The robust and most efficient way to remove duplicates from a list in Python is to use the “set()” function. Pass the list to the set() constructor, which will return a list with unique values. Then, convert it back to a list using the “list()” constructor.
main_list = [11, 21, 19, 21, 11, 46, 19]
print("List before removing duplicate elements: ", main_list)
# Output: List before removing duplicate elements: [11, 21, 19, 21, 11, 46, 19]
unique_list = list(set(main_list))
print("List after removing duplicate elements: ", unique_list)
# Output: List after removing duplicate elements: [19, 11, 21, 46]
The set() is faster and cleaner, but it isn’t suitable if the original order is essential.
Alternate approaches
- Using a for loop
- Using dict.fromKeys()
- Using list comprehension
Method 1: Using a for loop (Order is preserved)
If you want to preserve the elements of a list while removing duplicates, you can use the “for loop” to iterate through the list and keep track of elements that are already seen.
Initialize an empty set and an empty list. Then, loop through each element using a for loop in the original list: if the element is not in the set, add it to the new list and the set.
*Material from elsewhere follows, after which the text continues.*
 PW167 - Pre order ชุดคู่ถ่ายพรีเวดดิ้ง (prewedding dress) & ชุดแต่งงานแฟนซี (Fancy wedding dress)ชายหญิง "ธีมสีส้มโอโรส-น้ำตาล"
This way, we maintain the order and avoid duplicates.
# Initialize a list with some duplicate elements
main_list = [11, 21, 19, 21, 11, 46, 19]
print("List before removing duplicate elements: ", main_list)
# Output: List before removing duplicate elements: [11, 21, 19, 21, 11, 46, 19]
result = []
for item in main_list:
if item not in result:
result.append(item)
print("List after removing duplicate elements: ", result)
# Output: List before removing duplicate elements: [11, 21, 19, 46]
You can see from the output that the order of the elements is preserved even after removing duplicates.
Handling Unhashable Elements (List of Lists)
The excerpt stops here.